Succession Law Flashcards
Person making the will (Section 77 Succession Act 1965 (1965 Act)):
- must be 18 or over;
- act of their own free will; and
- be of sound mind.
Sound disposing mind (animus testandi): Banks v Goodfellow i.e.
(i) did testator in fact understand that she was making a will and that her property would be disposed accordingly on death;
(ii) did testator know the assets she was disposing of; (iii) did testator comprehend and appreciate the claims to which she ought to give effect;
(iv) was testator free from delusions which may have affected her formulation under the will.
The will itself (Section 78 1965 Act):
- must be in writing;
- must be signed at the end by the testator or by someone in her presence and by her direction; and
- signature must be written or acknowledged in the presence of 2 witnesses, both must sign in the presence of the testator but not necessarily in each other’s presence.
Signatures: means initials or in the case of a disabled person, a mark i.e. cts have accepted ‘x’ as a signature, or ‘your loving mother’.
Further, a will is not invalidated simply because the signature does not immediately follow the last word of the witnesses’ signature, but any writing found after that of testator’s signature is normally excluded. Cts have ruled a will invalid where signature was at the top of the page.
B McLoughlan:
notary signed his name instead of testator, this was acceptable if it was done at his direction and there was no requirement to sign the name of testator; requires close scrutiny by the witnesses that the signature was under direction of testator. Initials and stamps are also valid.

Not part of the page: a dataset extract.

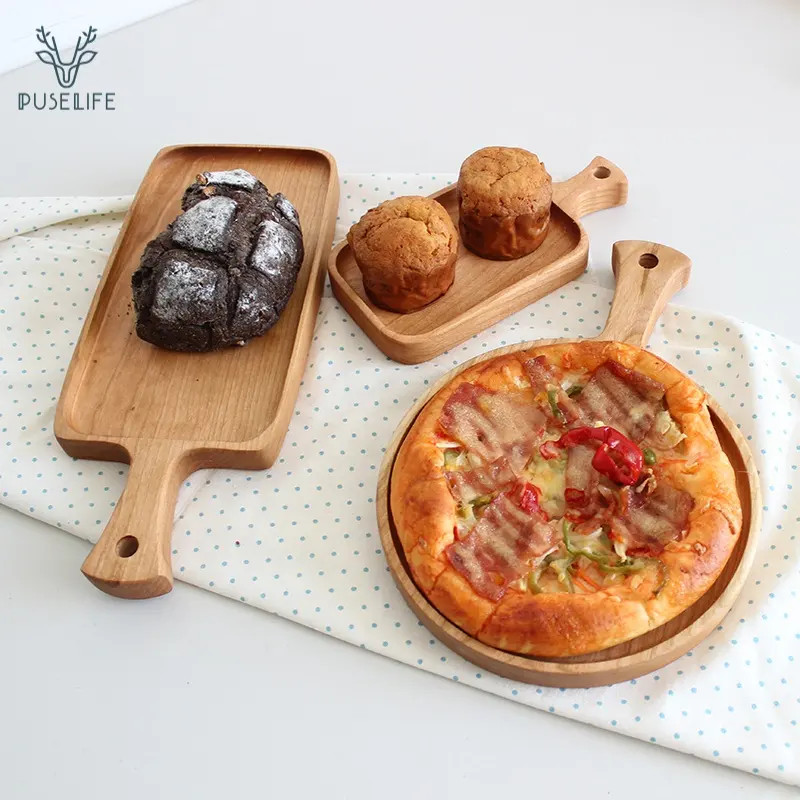 PUSELIFE เครื่องครัว Acacia Wood Round Pizza Wood Cutting Board,wood Pizza Plate Wood Serving Tray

Witnesses: they or their spouse cannot benefit under a will.
Re Bravada:
testator asked daughter to sign will in addition to witnesses. There was no detail to say they were signing in any other capacity other than witnesses and therefore their dispositions were voided by ct.
Interpretation of a will
• Why is this important: what is at stake
may be some confusion as to the intention of the testator and therefore cts will have to apply the principles of construction i.e. when wording of will is ambiguous or unclear: Heron v Ulster Bank, BOI v Gaynor.
Interpretation of a will
general rules:
(i) ct should read the relevant portion of the will and give it the natural meaning of the word;
(ii) look at other parts of the will to confirm the meaning, especially where ambiguity can be resolved;
(iii) if the ambiguity persists, have regard to the scheme of the will and consider what the t was trying to do;
(iv) then look to the rules of construction;
(v) look to judicial rules of interpretation;
(vi) draw assistance from opinion of other cts on similar words.
Armchair principle:
where there is latent ambiguity in the will, the cts will step outside the 4 corners of the will (4 corner principle) and put themselves in the testator’s shoes.
Thorn v Dickens: made reference to ‘mother’, but he was actually referring to his wife.
Extrinsic evidence:
cases
Healy: Re Plunkets Estate: Re Callaghan: Butler v Butler: Re Julian:
Healy:
2 nephews with same name and needed extrinsic evidence to clear up discrepancy.
Where there is an inaccuracy e.g. in a description, there may also need extrinsic evidence e.g. Re Plunkets Estate:
MF was supposed to be living in France but this was no true. However even though the evidence admitted was factually correct, ct held it to be inconclusive.
Re Callaghan:
ct will decide when the description is inaccurate what the t intended rather than what is factually accurate.
Butler v Butler:
intention of testator should be clear and seeking out the meaning of the words in a direct fashion. Cts have a reluctance to interfere with wills.
Re Julian:
this will referred to the ‘Seamen’s Institute, Sir John Rogerson’s Quay’, there was one protestant one there and one catholic one on Eden Quay. Even though there was obviously a mistake, ct refused to allow admittance as on the face of the will, there was no ambiguity and the bequest was made to the catholic institute.